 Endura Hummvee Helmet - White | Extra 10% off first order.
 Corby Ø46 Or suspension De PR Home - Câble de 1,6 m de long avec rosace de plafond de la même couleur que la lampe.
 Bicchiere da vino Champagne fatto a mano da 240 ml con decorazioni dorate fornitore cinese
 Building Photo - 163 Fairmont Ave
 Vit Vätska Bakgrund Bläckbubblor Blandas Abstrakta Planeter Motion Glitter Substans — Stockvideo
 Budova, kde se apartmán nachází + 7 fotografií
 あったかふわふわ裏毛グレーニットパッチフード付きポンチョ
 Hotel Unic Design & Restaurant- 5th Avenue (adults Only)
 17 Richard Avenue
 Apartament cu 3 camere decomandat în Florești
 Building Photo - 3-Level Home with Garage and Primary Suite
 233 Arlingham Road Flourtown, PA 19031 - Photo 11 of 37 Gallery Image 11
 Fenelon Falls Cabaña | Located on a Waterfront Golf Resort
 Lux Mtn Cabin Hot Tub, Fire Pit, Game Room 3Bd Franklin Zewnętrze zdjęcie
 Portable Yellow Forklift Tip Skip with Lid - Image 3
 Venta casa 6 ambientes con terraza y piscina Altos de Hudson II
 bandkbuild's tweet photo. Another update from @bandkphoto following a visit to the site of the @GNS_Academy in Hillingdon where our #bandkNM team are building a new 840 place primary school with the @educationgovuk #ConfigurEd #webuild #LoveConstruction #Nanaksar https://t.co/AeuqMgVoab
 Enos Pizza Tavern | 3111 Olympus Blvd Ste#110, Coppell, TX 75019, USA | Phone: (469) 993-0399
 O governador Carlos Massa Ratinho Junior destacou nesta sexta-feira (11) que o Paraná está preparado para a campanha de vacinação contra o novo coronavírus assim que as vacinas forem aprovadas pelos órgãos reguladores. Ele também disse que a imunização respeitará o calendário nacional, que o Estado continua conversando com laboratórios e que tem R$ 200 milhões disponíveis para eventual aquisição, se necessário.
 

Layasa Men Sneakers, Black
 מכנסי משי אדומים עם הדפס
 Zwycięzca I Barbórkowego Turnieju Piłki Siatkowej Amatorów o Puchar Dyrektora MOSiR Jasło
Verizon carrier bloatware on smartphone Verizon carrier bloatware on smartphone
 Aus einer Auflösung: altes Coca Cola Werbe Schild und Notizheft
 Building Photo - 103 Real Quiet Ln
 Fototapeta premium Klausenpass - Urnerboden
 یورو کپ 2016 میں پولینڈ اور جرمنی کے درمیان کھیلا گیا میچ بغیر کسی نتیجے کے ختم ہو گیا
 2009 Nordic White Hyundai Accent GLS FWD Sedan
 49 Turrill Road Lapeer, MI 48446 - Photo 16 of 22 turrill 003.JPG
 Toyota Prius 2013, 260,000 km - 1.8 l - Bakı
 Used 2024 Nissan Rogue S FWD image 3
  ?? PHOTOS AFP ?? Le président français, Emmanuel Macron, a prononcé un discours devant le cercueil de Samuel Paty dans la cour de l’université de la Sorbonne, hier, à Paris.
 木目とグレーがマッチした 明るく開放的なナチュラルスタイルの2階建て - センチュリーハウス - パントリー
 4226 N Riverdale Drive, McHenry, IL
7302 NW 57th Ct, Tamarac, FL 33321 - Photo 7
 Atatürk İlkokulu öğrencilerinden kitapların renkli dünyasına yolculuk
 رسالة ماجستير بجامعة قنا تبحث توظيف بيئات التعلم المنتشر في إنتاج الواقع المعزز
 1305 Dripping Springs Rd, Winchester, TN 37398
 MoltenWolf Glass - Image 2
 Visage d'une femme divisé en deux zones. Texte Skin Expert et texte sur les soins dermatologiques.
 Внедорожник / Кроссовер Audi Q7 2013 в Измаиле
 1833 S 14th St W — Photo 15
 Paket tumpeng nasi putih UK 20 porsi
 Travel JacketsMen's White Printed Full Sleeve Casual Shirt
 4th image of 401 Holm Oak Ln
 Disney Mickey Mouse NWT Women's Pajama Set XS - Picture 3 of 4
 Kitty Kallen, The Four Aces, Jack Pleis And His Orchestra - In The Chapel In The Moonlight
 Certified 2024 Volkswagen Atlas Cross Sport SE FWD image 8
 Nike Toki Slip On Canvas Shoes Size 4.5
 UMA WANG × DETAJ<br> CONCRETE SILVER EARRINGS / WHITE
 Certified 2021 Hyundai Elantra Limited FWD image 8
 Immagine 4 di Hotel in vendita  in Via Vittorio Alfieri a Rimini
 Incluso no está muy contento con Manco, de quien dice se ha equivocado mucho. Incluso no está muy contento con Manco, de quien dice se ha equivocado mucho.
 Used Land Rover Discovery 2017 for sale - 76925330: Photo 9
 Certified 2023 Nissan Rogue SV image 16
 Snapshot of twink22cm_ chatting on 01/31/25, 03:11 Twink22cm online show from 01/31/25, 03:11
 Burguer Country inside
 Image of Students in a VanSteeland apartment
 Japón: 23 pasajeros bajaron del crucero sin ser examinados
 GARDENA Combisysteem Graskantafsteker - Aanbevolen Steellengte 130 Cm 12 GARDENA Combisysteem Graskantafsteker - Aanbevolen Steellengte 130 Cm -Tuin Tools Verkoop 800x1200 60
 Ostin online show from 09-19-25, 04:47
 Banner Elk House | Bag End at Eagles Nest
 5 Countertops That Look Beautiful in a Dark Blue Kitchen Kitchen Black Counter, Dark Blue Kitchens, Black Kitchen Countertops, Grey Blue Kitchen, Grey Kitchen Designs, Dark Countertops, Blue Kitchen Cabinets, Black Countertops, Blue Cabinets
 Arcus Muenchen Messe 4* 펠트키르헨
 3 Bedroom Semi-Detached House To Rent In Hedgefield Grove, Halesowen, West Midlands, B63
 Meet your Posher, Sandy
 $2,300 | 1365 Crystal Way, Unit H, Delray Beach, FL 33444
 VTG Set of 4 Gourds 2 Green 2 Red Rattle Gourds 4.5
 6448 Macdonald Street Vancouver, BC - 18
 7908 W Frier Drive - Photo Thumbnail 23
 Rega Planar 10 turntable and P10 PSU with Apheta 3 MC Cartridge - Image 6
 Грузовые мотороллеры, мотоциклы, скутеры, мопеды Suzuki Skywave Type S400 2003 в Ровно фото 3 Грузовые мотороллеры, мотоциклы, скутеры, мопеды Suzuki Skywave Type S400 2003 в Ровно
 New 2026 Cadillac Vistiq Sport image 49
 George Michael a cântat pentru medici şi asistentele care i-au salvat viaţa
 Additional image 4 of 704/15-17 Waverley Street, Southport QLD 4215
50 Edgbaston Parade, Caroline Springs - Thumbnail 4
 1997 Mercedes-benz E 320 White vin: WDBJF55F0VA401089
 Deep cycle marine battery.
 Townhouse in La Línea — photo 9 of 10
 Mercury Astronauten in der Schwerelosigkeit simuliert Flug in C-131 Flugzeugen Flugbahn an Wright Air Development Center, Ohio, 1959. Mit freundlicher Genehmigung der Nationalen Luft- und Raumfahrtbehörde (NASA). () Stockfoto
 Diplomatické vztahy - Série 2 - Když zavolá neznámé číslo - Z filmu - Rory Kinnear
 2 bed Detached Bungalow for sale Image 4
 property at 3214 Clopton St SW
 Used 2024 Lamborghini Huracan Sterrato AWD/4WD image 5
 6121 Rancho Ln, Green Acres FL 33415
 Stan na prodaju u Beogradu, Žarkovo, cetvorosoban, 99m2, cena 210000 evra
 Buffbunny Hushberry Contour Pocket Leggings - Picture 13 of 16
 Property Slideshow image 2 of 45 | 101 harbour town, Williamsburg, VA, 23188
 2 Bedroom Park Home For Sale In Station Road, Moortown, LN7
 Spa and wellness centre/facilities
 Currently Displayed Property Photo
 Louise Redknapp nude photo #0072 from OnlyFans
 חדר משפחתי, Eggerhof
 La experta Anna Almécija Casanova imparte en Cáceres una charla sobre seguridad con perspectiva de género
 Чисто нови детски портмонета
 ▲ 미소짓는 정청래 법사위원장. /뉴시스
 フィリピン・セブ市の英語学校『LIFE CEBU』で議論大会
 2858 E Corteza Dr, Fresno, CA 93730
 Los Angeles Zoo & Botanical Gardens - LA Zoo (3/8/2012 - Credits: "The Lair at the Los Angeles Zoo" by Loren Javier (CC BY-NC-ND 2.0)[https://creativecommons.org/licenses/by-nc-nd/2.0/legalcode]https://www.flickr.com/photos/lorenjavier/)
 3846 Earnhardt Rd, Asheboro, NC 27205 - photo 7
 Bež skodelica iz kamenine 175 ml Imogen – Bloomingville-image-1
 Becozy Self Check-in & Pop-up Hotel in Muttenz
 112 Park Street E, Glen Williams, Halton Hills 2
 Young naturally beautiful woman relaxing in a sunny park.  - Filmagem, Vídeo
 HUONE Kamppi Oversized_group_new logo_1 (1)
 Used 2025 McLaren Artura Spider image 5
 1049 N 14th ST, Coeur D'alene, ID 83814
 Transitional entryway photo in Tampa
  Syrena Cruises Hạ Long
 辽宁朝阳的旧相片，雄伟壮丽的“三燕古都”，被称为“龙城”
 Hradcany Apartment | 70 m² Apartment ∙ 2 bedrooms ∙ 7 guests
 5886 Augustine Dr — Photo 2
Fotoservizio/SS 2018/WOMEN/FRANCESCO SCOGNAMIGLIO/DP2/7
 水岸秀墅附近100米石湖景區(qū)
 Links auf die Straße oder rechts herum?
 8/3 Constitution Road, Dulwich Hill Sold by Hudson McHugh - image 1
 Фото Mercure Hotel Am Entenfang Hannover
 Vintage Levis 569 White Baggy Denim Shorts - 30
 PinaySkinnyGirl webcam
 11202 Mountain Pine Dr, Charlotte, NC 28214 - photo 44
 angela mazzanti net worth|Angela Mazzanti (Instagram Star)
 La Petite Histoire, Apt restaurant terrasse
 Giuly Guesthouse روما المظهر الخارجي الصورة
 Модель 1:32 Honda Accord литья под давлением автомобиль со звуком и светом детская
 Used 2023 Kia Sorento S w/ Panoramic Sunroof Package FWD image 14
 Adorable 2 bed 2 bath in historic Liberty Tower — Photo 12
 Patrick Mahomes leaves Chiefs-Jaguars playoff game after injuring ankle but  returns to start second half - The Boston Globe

Problem details:
Reply with nothing but a number. State how many lines in the records hold the word "Green".

Exercise solution:
2